Femme takes place on a planet where men are slaves to women and to the touring Earth heroine, Kaley Blackburn, it’s not what she expected. This was a good book. It questions the flaws of would-be utopias and the struggles of friendship and love. Mrs. Strange, like me, is a fellow indie author, except (and as I put in an email to her) she’s got her shit more together than me. (This is where I was going to put in a link to her book but… you know… life and all. Instead: http://www.deliastrange.com/).

And, although it pains me to say this, I selected my next book based on the MOVIE TRAILER I saw for it. I know. I’m that person. We all can’t be amazingly perfect enough to stumble upon the book first and then get excited about the movie. Sometimes we do things backwards.

So what am I reading you ask?

The Fault in Our Stars, because I’m a sappy girl and I love a good romance. And apparently, a good cry, because that’s all I hear happens when you read the book/watch the movie. I’m a little less than halfway through and no tears yet. But that’s probably because everyone is still alive. Yay. Actually, there’ve been a few laughs so I guess I’m really going to loose it when it ends because I like the character. *deep inhale* I’ll be strong.

I’m still struggling with the content of this blog. I was thinking maybe I’d throw in some hardcore book reviews but I’d have to do some research on them since I never review things. I start out with very clear, concise idea of what I liked and didn’t, and they blur into a conversation with myself about something entirely different and I know I’ve just pissed the reader off. I can *try* to be more level headed here and only do reviews on books that I simply *must* share with the world. Should we do that? Are we all in agreement that that is what we shall do?

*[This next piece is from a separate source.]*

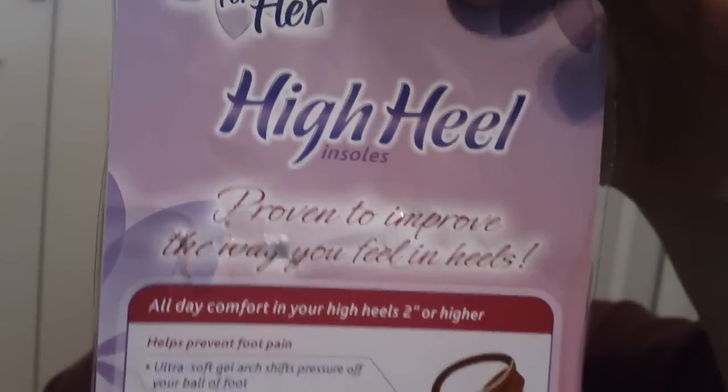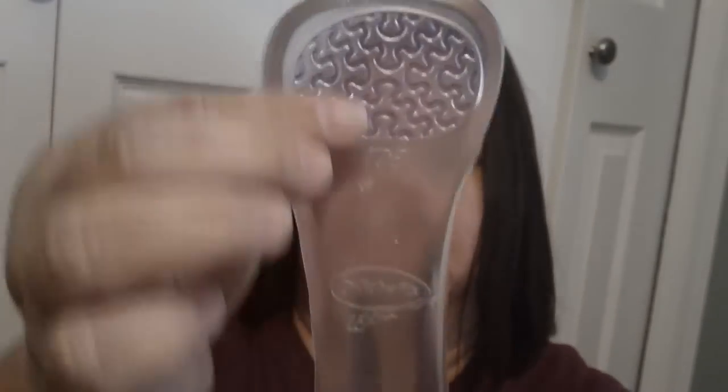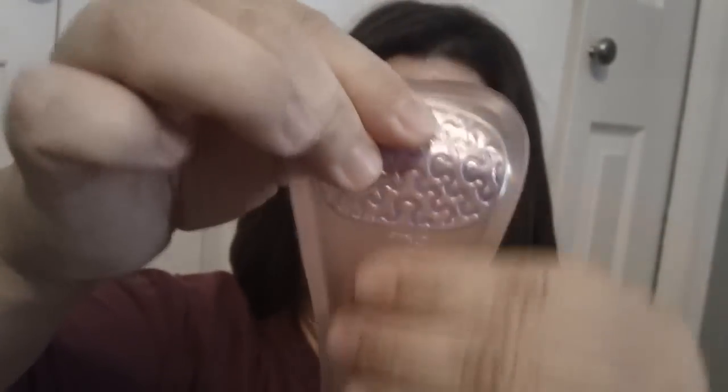They go in your high heels, and this is what they look like — I'm taking them out of my shoe. This part is for the toe and the heel, and then it has a gelled arch. Really soft, very comfortable. I don't like to wear heels anymore — they kill my feet because of the pressure on the ball of my foot. These take the pressure off really well, plus it has the gelled arch in there.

You’re nodding your head, aren’t you?

Okay, then! Book reviews for either really, really, amazing, spectacularly AWESOME books or the worst kind ever. The ones that make me want to face plant to spare my eyes the pain. Oh this has happened. It has happened a lot. But I will try not to do that and focus on the good reviews. So, we can all enjoy the world of literature together.

I’ll let you know how The Fault in Our Stars goes and then, of course, what the outcome of the movie is, since I’m OBVIOUSLY seeing it. After that, any book suggestions? I still have a while to wait for the next (and last *tear*) book in the Lux series to come out. What are you guys reading? Any suggestions? A book of your own perhaps?